Tried a couple things, basically the real issue is the doc.. loadPage only takes 5-15ms, rendering takes 5-500ms usually depends on how large the page is, loadDoc takes 1-3 seconds..

I think it is pretty safe to say that making the pages "on-demand" should be alright, considering that the quite a few hundred MB's memory and the crashes it saves.

The doc uses about 100mb memory on each viewer/file. It would be better that it also goes away, but that is indeed a tradeoff. I ended up adding a flag keepsDocInMemory to DocumentRef, and also changed its == behavior, quite a lot of changes...

espresso3389 commented 1 month ago

@yhyh0 Simple question. What kind of PDF document are you using; how many pages, how much size does it have. For general PDF files, loadDoc does not take so long.

So, my feeling is that your strategy seems better then the current structure. And I'm also interested in purging PdfDocument from the memory. My suggestion is that we should measure the first document loading time. And if the loading time is less than some threshold, we uses close-everytime strategy; if not, we use the current keep-document-open strategy.

espresso3389 commented 1 month ago

And, anyway, could you please revert the documentRef changes? I want to merge the page unloading code at first. And for the document, we will do it after the merge.

espresso3389 commented 1 month ago

Anyway, PdfDocumentRef structure is not simple. It has password dialog interaction part and if we re-open the document frequently without user interaction, we should introduce some password cache mechanism at first (at least). Or we should re-architecture the things to handle the things better...

yhyh0 commented 1 month ago

And, anyway, could you please revert the documentRef changes? I want to merge the page unloading code at first. And for the document, we will do it after the merge.

I tried a few PDF files, from 2-200MB in size. It took 1 second also for the smaller one, maybe since I load/unload the doc on every function and that the lock also makes some of them take longer, but still in that seconds range for sure.

I think whether to keep the doc might be more about how we use the viewer. There are book covers, where I only need to render the doc once, hence not keeping the doc. But for full screen view that people interact a lot, even 200ms might be too much a delay..

The PR should be good for unloading the pages. I just haven't cleaned all the places we stored the page handle, but if we are going to make more changes and refactors, that is kinda acceptable for now?

yhyh0 commented 1 month ago

Anyway, PdfDocumentRef structure is not simple. It has password dialog interaction part and if we re-open the document frequently without user interaction, we should introduce some password cache mechanism at first (at least).
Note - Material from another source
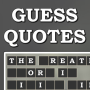 icon Famous Quotes Guessing Game PRO(Famous Quotes Guessing PRO)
Or we should re-architecture the things to handle the things better...

It's complex indeed... I simply saved a builder closure wrapping await openPdfDocument(password) in it to make my POC work, but far from ready for a PR, quite a lot of things to consider

espresso3389 commented 1 month ago

I've fixed several isolate boundary errors on your code.

espresso3389 commented 1 month ago

1.0.55 that contains the PR is released!